*** Data extract Section Begins ***

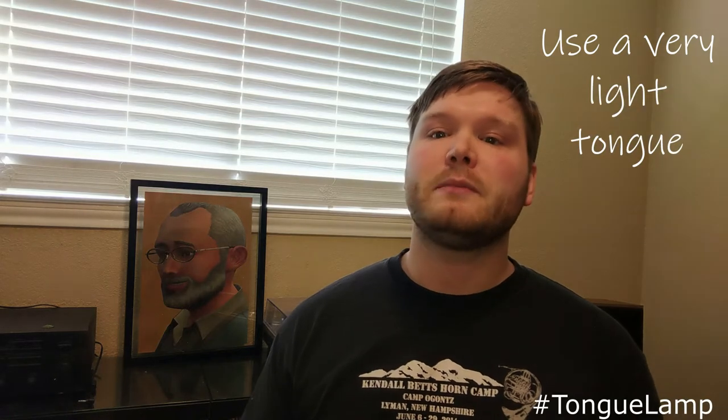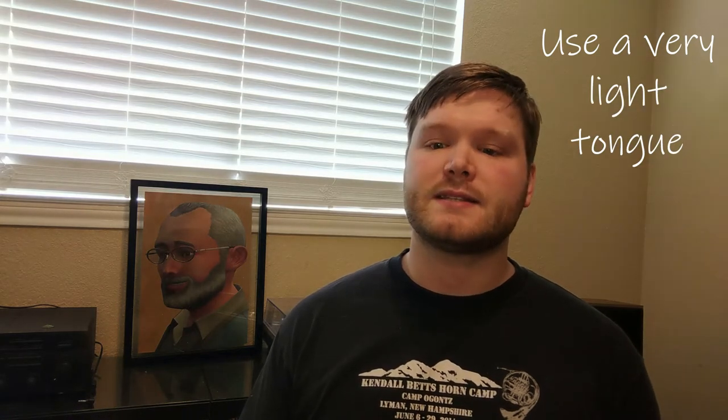Welcome back! The second rule of double-tonguing is: use a very light tongue. The tongue will be moving quickly, and the less we have it seize up, the easier it will be. Let's try the same exercise from before, but this time on the horn. Move the tongue as little as necessary between the syllables, and again, keep the air as low and full as possible.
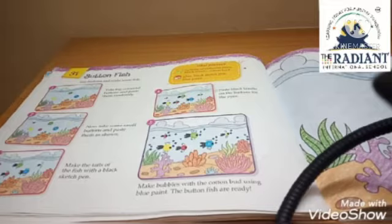Here we have all the material given. We will make a fish with buttons, and you will enjoy this craft. It will be very easy — this craft is not hard. So let's start today's craft session.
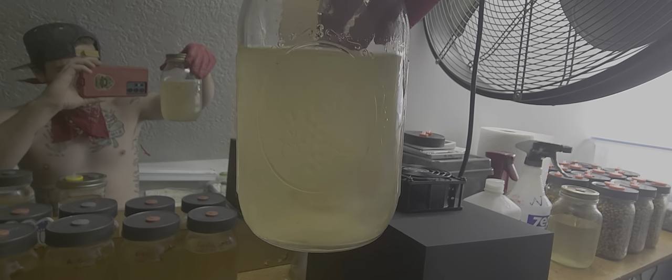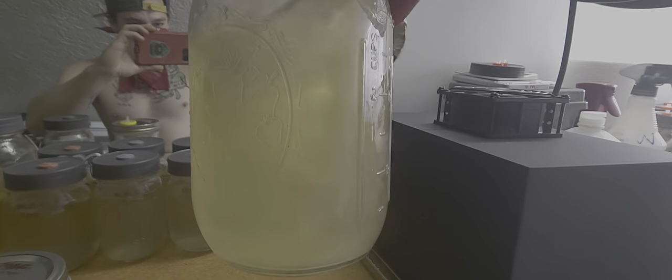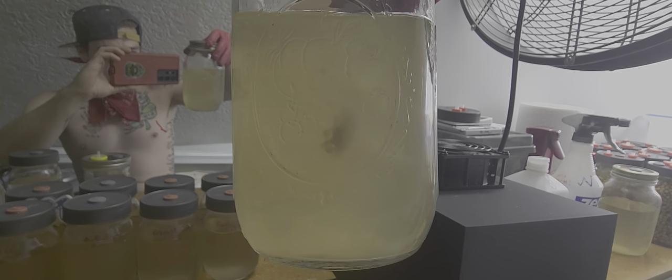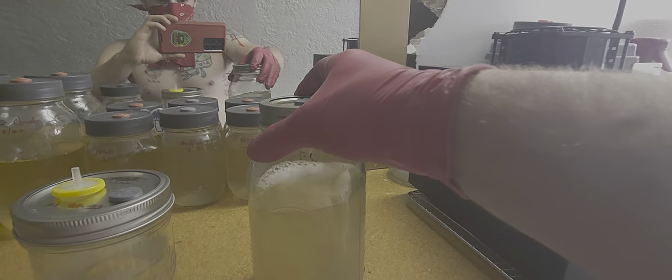Yeah, see that — it doesn't look very good at all. The water is not clear. It just looks like — I said it was clear and had the culture at the bottom before I stirred it, but as soon as I stirred it up it looks like dirty pond water now.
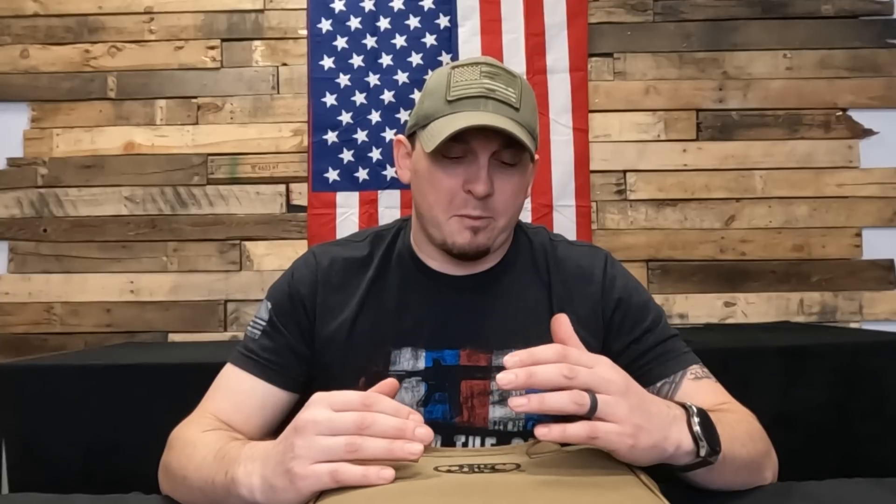This is a brand new offering from FN — this thing just came out. It's exciting to me because I'm a big FN fan. If you guys watch my videos, you know I personally carry an FN 509 Midsize, and I rotate that out sometimes with my CC Edge as well. So I'm a big fan of the 509 series.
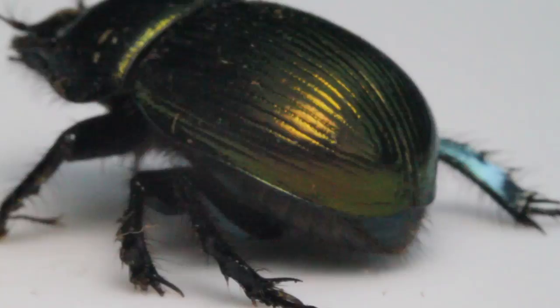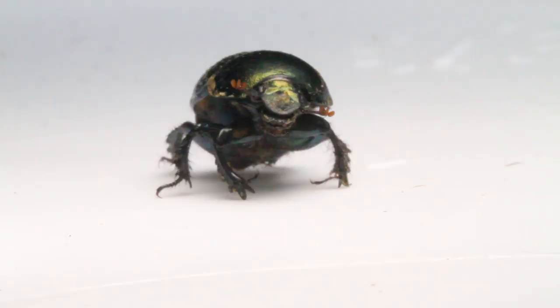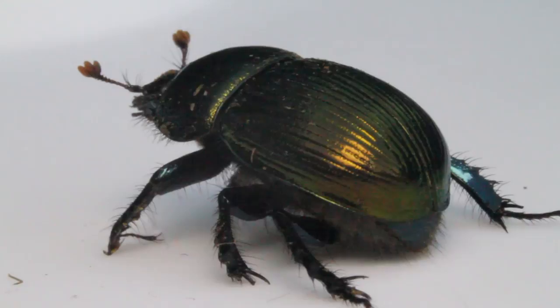This is a scarab beetle. There are many types of scarab beetles. Some are called dung beetles because they shape other animals' dung or poop into small balls. They lay their eggs in this ball of dung and then bury it. When the eggs hatch, the larvae will eat the dung. Since male scarab beetles usually have horns on their heads, this one is probably a female.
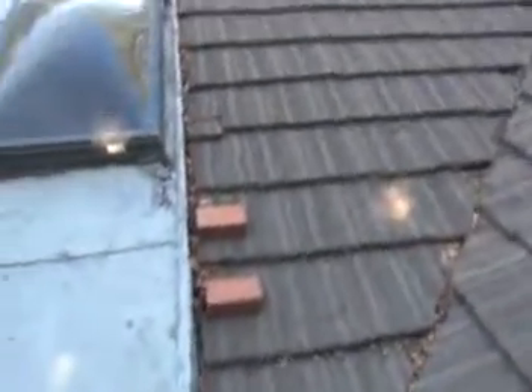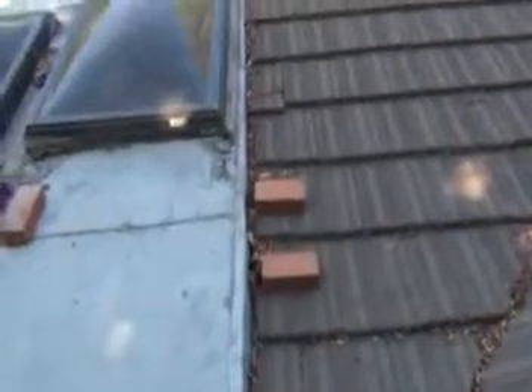We've got debris and flashing coming down this short roof-to-wall setup, so we're probably going to have to deal with that at the bottom of this rolled roof area. There's mastic where the valley comes in.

*** Data extract Section Ends ***

§ Problem details
The whole listing above must be returned exactly as written, with no pictures carried over.

§ Expected output
Welcome back! The second rule of double-tonguing is: use a very light tongue. The tongue will be moving quickly, and the less we have it seize up, the easier it will be. Let's try the same exercise from before, but this time on the horn. Move the tongue as little as necessary between the syllables, and again, keep the air as low and full as possible.
Here we have all the material given. We will make a fish with buttons, and you will enjoy this craft. It will be very easy — this craft is not hard. So let's start today's craft session.
Yeah, see that — it doesn't look very good at all. The water is not clear. It just looks like — I said it was clear and had the culture at the bottom before I stirred it, but as soon as I stirred it up it looks like dirty pond water now.
This is a brand new offering from FN — this thing just came out. It's exciting to me because I'm a big FN fan. If you guys watch my videos, you know I personally carry an FN 509 Midsize, and I rotate that out sometimes with my CC Edge as well. So I'm a big fan of the 509 series.
This is a scarab beetle. There are many types of scarab beetles. Some are called dung beetles because they shape other animals' dung or poop into small balls. They lay their eggs in this ball of dung and then bury it. When the eggs hatch, the larvae will eat the dung. Since male scarab beetles usually have horns on their heads, this one is probably a female.
We've got debris and flashing coming down this short roof-to-wall setup, so we're probably going to have to deal with that at the bottom of this rolled roof area. There's mastic where the valley comes in.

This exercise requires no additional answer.